A solicitor for the family of an RUC officer whose murder was found by the Smithwick Tribunal to be linked to Garda collusion with the IRA has launched a strong defence of the inquiry’s findings.
Earlier this week, three former members of the Garda claimed in a lengthy critique that key tribunal findings were not grounded in fact and challenged its key finding of collusion.
But John McBurney, solicitor for the family of murdered RUC officer Harry Breen, says the gardaí's critique is highly selective, filled with errors and displays a lack of familiarity with the inquiry's findings.
The solicitor's response, published in today's Irish Times, also claims the critique by former gardaí displays a lack of independence and a keenness to accept the IRA's versions of events.
'Comprehensive'
In addition, Mr McBurney staunchly defends the Smithwick Tribunal's report as a "comprehensive, nuanced and fair document".
The report of the seven-year inquiry published in December of last year found that the IRA was tipped off by at least one person inside Dundalk Garda station ahead of the 1989 murders of two senior RUC officers in Co Armagh.
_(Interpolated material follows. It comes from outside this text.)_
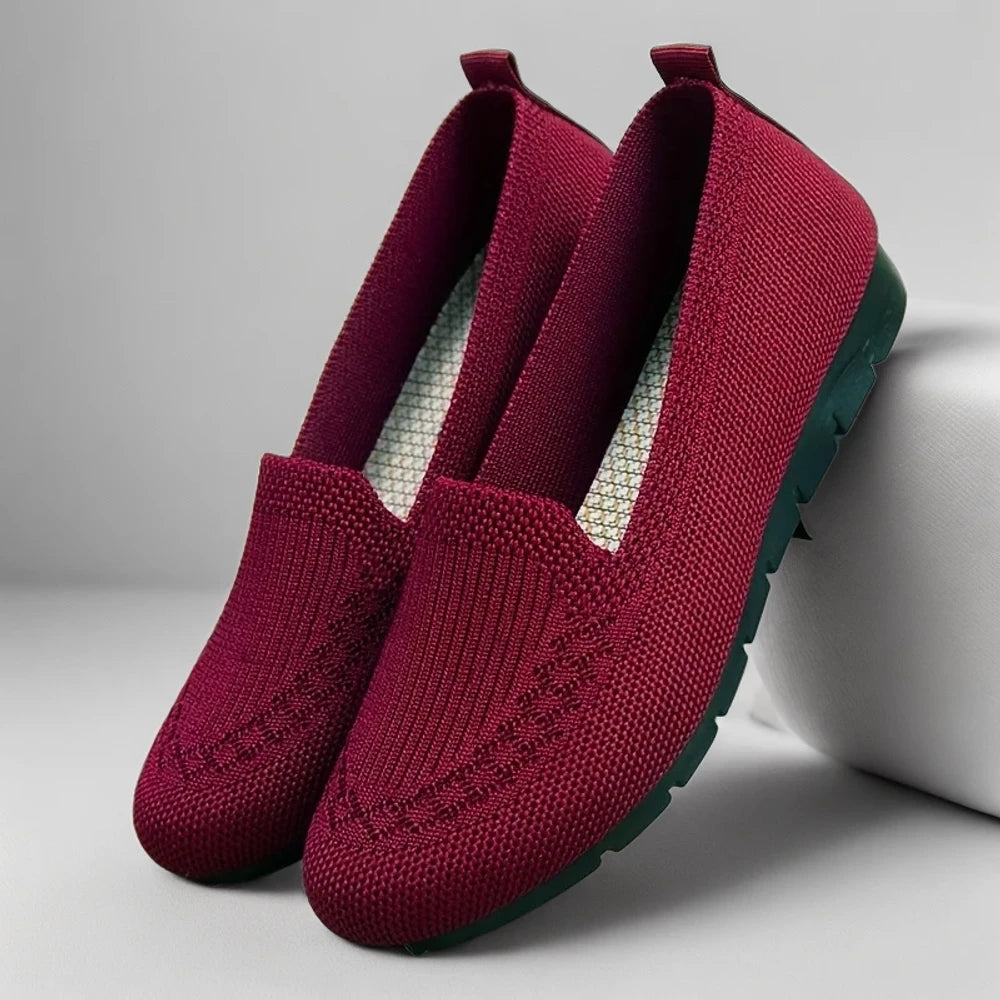 Détail de la semelle souple du mocassin rouge femme pour usage quotidien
The policemen – Chief Supt Breen and Supt Bob Buchanan – were the highest-ranking RUC officers to be killed in the 30-year conflict in the North.
They had been meeting with gardaí to discuss a joint crackdown on IRA smuggling on the morning of their deaths.
Mr McBurney says the willingness on the part of the three gardaí to believe IRA claims was in spite of “conclusive proof” that the paramilitary organisation had provided false and misleading information to the tribunal.
“As a lawyer, I find it surprising that three former police officers would argue that such primordial weight be attached to information which was not evidence – not provided in oral testimony under oath and tested by cross-examination – and summarily dismiss other compelling testimony tested in cross- examination,” he writes.
By contrast, the solicitor says the gardaí have paid “scant regard” to evidence by a British brigadier which undermined IRA assertions on when the operation had commenced. He also defends the Smithwick Tribunal report’s conclusions as a fair and painstaking assessment of all the evidence heard.
“After 198 witnesses and vast volumes of documentation, it is very easy for any individual to select the evidence (or, as is the case here, the information) which supports his or her point of view,” he writes.
"However, the task of a tribunal is painstakingly to assess and weigh all the evidence. In performing that task, Judge Smithwick, unlike the former gardaí who wrote this critique, two of whom were witnesses before the tribunal, has demonstrated his independence."
Footsteps
He also says the three gardaí were not present for most of the hearings and could not claim to have "followed the same journey as the tribunal" or to have "walked in the footsteps of Smithwick".
“They have no doubt walked in the footsteps of Chief Supt Breen and Supt Buchanan in the corridors of Dundalk Garda station on many occasions but they have certainly not walked in the footsteps of Judge Smithwick through the course of his painstaking and exhaustive inquiry into this most serious matter indeed,” Mr McBurney writes.
The critique was carried out by retired det chief supt John O'Brien, former chief supt Michael Finnegan and former chief supt Michael Staunton.